- Born: 24 March 1887 Norfolk, England
- Died: March 18, 1949 (aged 61) Houston, Texas, USA
- Occupation: Plastic surgeon
- Spouses: ; Julia Buchel ​ ​(m. 1911; died 1927)​ Margaret Shelton Shimin;
- Children: 4

= H. L. D. Kirkham =

American plastic surgeon

Harold Laurens Dundas Kirkham LOM (24 March 1887 – 18 March 1949) was an Anglo-American plastic surgeon. He was the first Professor of Plastic Surgery at Baylor University, Texas and also served with the US Navy Medical Corps, becoming head of plastic surgery at the United States Naval Medical Center San Diego during the Second World War.

== Early life ==

Harold Kirkham was born on 24 March 1887 in Norfolk, England. His father, Frederick William Kirkham, was also a noted surgeon who had emigrated to Texas in 1901, and Harold, upon completing his education in England at Bedford Modern School in 1904, immediately joined his father and enrolled as a medical student at the University of Texas.

== Civilian career ==

After graduation, Kirkham became company surgeon for the St.

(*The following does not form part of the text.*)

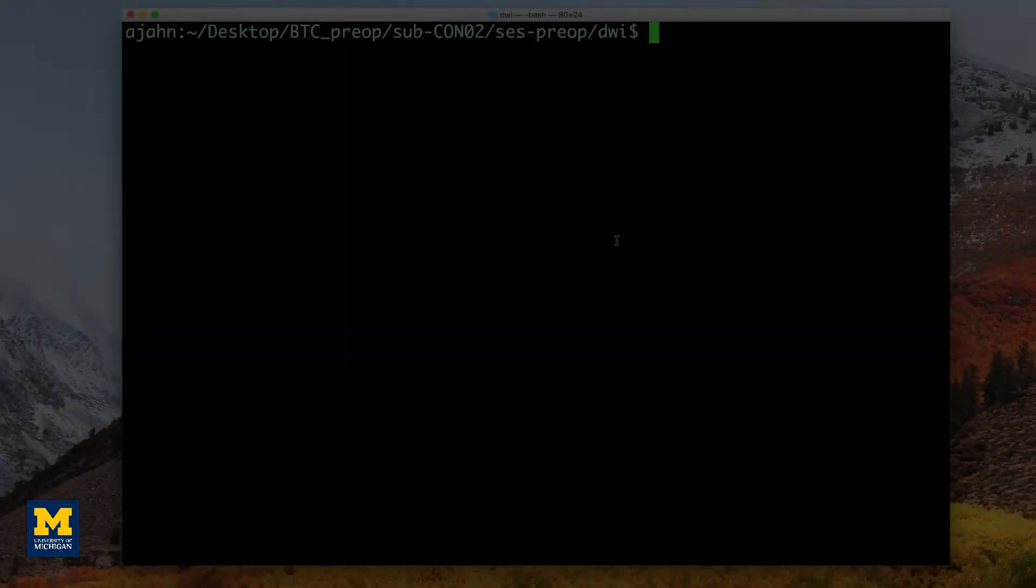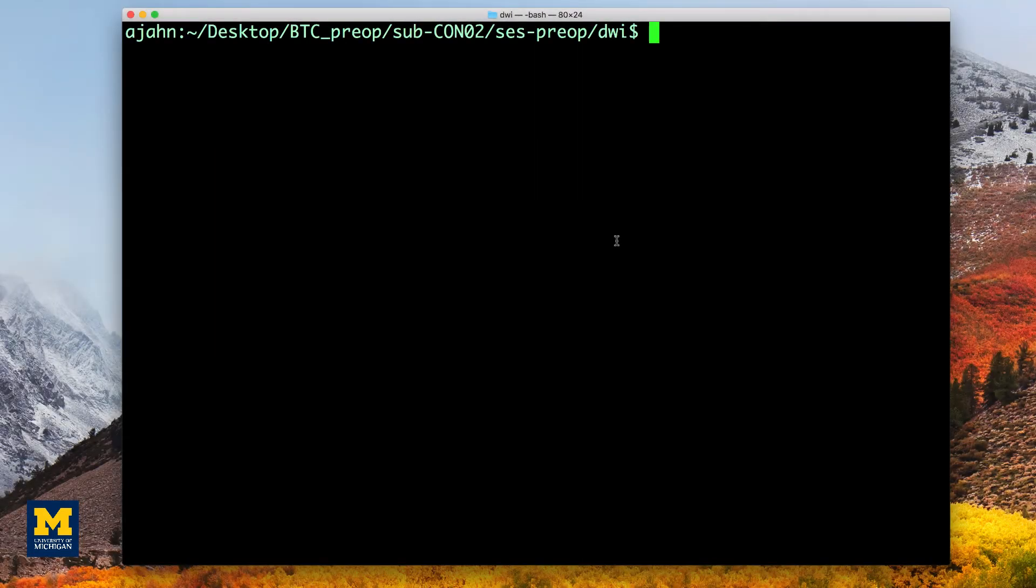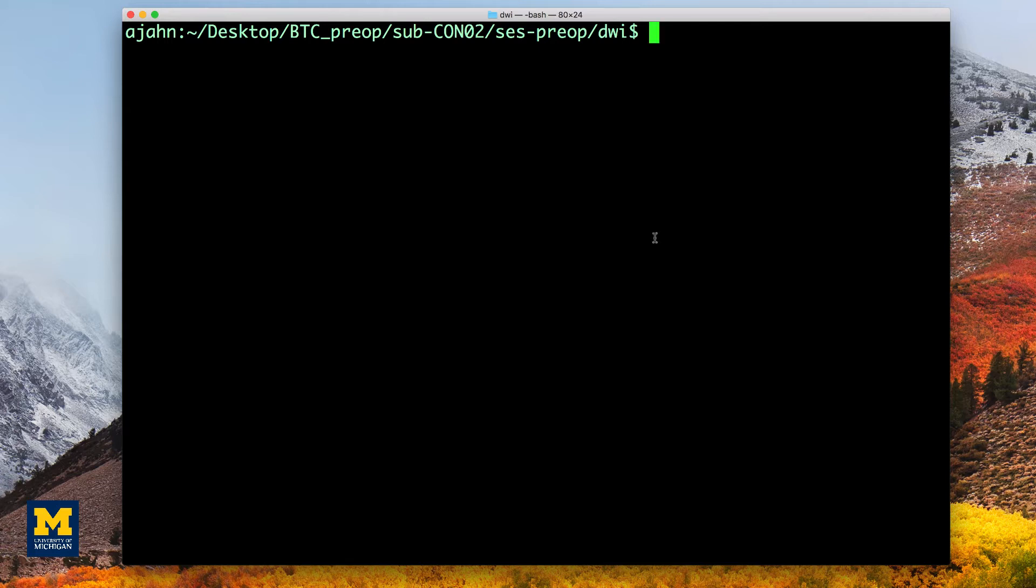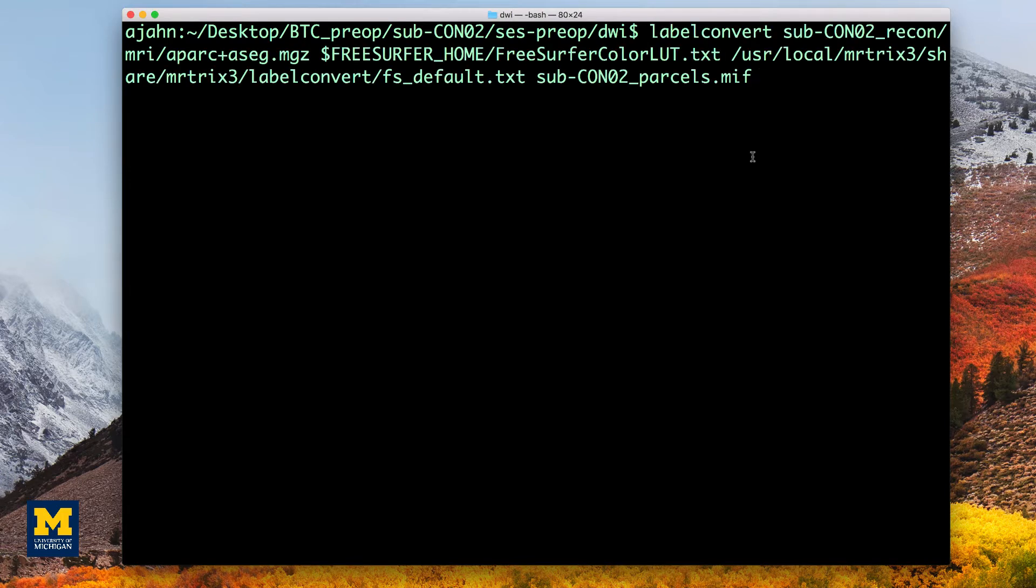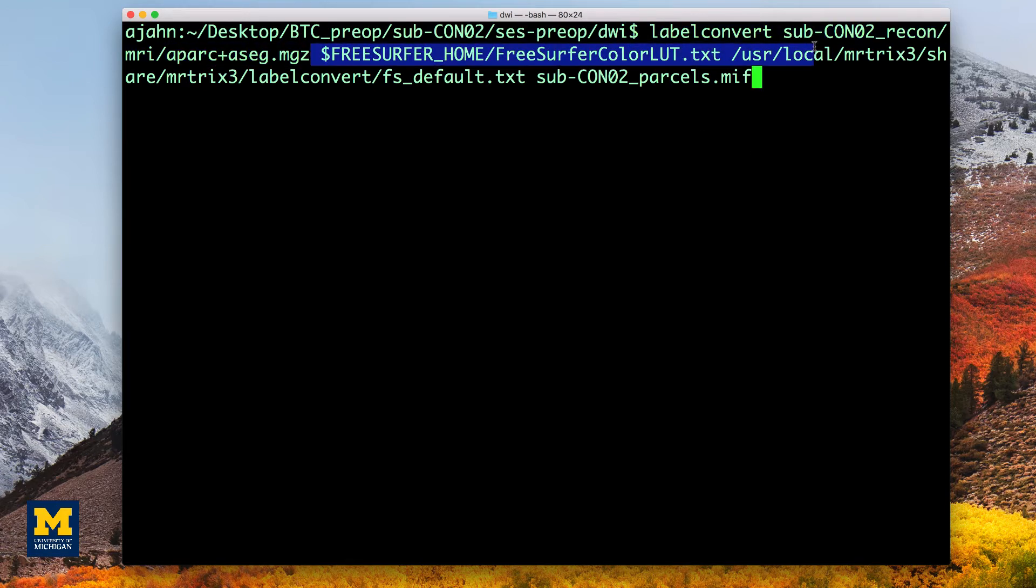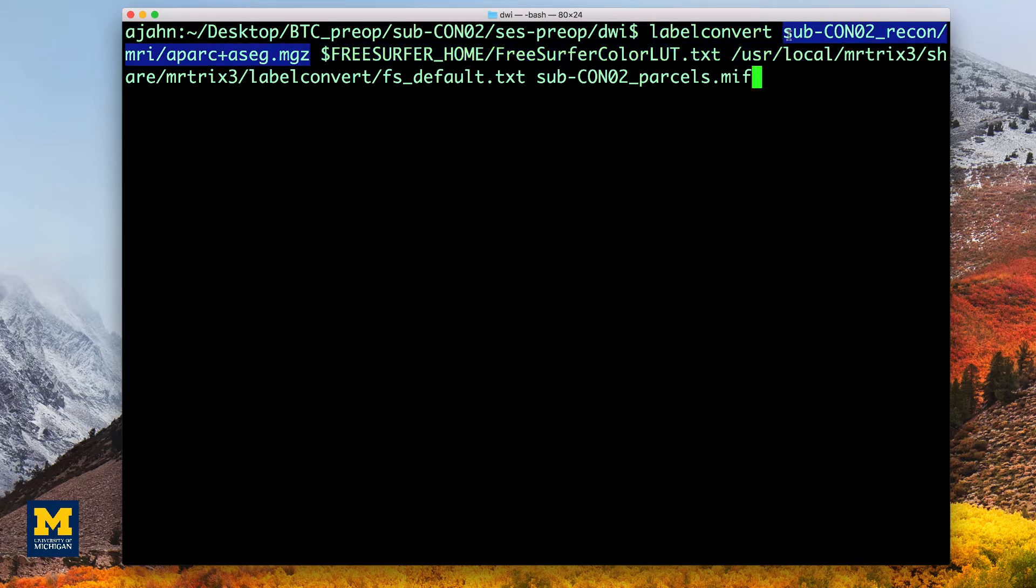When ReconAll has finished, we will need to convert the labels of the FreeSurfer parcellation to a format that MRtrix understands. The command labelconvert will use the parcellation and segmentation output of FreeSurfer to create a new parcellated file in .mif format. This command uses the aparc+aseg output from FreeSurfer, which contains both the cortical parcellations and subcortical segmentations.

Louis, Brownsville and Mexico Railway (1910-1917). At the same time, he also developed his own private practice and began to specialize in the treatment of congenitally acquired facial disfigurements. In 1917, he became Professor of Anatomy and Oral Surgery at the Texas Dental College, a position he held until 1932. He returned to academic life in 1943 at Baylor University, where he established and developed the plastic surgery department at the University's Medical School.

== Military career ==

In 1917, Kirkham had joined the US Navy Medical Corps and became chief of surgery at the Naval Medical Center Portsmouth at Hampton Roads, Virginia; at the end of the war, he maintained his commission in the US Naval Reserve. In 1925, he returned to England for a year to study with Harold Gillies, who had pioneered the treatment of burn victims in the Royal Navy during the war. On 25 December 1941, he was called up and served throughout the war – both on board ships and at the US Navy hospital at San Diego, where he became chief plastic surgeon. He retired from the Navy in 1947 with the rank of captain.

==Honours and awards==

In 1946, Kirkham was awarded the United States Legion of Merit for the life-saving surgery he performed on sailors in the Pacific as well as the rehabilitation work he undertook at San Diego. In 1947, he received a commendation from the Surgeon General of the Navy for his outstanding devotion to duty in the aftermath of the Texas City Disaster. Kirkham was a Fellow of numerous medical institutions, including the Association of Military Surgeons of the United States. He was a founding member of the American Board of Plastic Surgery and was President of the Texas Surgical Society in 1926 and 1930.

== Other Pursuits ==

Kirkham was a fine musician and played the violin in the Houston Symphony Orchestra for several seasons. He was also a talented artist and one of his works, The Three Monks, was exhibited in New York. In addition, he was an excellent golfer and won several amateur titles.

== Personal life ==

Kirkham married Julia Buchel in Cuero, Texas in 1911; she died in 1927. His second marriage was to Margaret Shelton Shimin of Richmond Texas. Harold Kirkham died on 18 March 1949 of heart disease. He left his wife, one son, and three daughters.